In the data below, which lines contain "Brown"? List them by copying each one.

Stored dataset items
=== Begin Enclosure ===

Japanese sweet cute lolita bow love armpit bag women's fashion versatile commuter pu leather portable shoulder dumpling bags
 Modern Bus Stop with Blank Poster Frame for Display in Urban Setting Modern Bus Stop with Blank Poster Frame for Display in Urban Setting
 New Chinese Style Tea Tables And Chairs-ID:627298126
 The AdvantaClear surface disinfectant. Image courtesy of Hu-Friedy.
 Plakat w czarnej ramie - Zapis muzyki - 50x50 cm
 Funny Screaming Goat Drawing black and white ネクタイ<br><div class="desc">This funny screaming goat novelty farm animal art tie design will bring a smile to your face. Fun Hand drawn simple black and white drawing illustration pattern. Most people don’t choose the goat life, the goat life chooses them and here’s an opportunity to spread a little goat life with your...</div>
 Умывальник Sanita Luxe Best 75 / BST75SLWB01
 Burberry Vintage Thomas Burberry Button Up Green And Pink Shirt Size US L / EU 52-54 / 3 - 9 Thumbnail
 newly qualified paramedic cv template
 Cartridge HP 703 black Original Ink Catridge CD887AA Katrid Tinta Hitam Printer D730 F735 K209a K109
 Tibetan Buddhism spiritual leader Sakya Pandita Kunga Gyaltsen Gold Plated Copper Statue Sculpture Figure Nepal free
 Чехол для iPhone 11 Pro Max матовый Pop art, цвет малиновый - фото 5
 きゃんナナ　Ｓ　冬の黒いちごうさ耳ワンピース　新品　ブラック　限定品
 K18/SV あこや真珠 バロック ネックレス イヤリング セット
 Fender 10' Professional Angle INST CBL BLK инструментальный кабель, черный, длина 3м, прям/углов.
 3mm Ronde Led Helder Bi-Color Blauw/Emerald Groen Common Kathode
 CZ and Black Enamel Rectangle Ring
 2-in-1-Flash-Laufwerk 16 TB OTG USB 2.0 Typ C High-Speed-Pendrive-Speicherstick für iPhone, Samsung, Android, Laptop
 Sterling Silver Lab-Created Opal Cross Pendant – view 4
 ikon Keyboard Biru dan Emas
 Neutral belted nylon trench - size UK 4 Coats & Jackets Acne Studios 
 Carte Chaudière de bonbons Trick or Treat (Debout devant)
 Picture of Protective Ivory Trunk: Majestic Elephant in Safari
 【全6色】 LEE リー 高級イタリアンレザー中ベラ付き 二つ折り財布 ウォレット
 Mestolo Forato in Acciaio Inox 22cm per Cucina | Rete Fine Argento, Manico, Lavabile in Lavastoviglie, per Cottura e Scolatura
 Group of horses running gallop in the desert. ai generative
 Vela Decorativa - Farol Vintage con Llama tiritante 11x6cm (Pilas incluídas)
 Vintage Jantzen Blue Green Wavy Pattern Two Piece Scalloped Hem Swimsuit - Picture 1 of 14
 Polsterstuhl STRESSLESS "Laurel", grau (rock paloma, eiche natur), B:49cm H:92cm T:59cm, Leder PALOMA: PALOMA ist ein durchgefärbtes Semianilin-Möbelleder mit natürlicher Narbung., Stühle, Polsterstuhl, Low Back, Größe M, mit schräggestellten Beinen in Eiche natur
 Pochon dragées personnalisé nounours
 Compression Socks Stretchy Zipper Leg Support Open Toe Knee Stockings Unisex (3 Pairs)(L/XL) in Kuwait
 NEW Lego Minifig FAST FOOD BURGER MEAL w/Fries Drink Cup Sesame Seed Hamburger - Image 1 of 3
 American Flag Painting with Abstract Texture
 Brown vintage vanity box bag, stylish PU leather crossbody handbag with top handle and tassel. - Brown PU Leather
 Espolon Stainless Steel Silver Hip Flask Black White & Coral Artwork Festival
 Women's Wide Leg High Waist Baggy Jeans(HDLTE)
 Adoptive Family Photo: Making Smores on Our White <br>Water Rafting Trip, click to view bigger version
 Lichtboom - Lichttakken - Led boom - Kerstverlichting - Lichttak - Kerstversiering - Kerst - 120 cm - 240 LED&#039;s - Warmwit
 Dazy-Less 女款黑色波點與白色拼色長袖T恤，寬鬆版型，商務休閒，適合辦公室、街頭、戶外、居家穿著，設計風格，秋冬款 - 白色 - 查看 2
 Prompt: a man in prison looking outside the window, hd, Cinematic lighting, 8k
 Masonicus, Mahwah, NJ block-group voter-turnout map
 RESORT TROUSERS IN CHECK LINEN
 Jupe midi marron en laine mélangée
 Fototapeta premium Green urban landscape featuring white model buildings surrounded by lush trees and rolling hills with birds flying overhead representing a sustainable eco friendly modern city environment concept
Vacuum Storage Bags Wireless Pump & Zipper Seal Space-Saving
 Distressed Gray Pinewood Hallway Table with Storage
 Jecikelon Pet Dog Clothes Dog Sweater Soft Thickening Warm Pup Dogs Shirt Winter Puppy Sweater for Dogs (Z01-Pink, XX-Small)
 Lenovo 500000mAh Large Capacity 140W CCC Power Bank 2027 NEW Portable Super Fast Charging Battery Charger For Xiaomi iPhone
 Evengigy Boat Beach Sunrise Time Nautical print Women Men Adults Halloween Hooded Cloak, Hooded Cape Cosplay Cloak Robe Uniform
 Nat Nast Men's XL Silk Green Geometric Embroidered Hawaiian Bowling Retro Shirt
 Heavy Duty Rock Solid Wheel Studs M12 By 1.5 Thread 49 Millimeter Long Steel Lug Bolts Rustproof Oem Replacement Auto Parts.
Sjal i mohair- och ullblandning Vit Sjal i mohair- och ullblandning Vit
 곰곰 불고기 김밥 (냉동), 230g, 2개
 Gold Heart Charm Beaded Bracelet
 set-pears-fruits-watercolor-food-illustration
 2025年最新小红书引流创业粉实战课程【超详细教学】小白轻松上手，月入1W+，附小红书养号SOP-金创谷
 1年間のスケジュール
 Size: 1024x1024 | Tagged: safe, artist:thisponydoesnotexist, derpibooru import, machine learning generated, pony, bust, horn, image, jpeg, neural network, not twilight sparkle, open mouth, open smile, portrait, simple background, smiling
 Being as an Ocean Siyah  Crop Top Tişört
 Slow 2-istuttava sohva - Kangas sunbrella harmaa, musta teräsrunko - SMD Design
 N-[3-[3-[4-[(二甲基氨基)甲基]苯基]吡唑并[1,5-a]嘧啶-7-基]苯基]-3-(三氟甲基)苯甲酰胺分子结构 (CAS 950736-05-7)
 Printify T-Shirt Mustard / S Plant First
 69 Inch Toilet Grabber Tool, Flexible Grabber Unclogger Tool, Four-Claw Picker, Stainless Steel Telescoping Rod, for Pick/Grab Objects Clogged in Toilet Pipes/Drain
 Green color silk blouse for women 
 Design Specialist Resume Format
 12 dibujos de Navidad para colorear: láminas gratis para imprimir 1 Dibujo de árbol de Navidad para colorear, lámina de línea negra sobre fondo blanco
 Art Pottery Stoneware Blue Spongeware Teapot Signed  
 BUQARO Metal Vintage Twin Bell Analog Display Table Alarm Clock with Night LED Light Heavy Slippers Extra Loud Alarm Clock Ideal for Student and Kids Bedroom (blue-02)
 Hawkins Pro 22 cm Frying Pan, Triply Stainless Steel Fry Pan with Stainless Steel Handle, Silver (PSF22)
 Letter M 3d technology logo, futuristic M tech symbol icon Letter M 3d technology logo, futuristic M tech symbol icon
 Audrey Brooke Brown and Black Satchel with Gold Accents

=== End Enclosure ===

▶ [Written solution]:
 Brown vintage vanity box bag, stylish PU leather crossbody handbag with top handle and tassel. - Brown PU Leather
 Audrey Brooke Brown and Black Satchel with Gold Accents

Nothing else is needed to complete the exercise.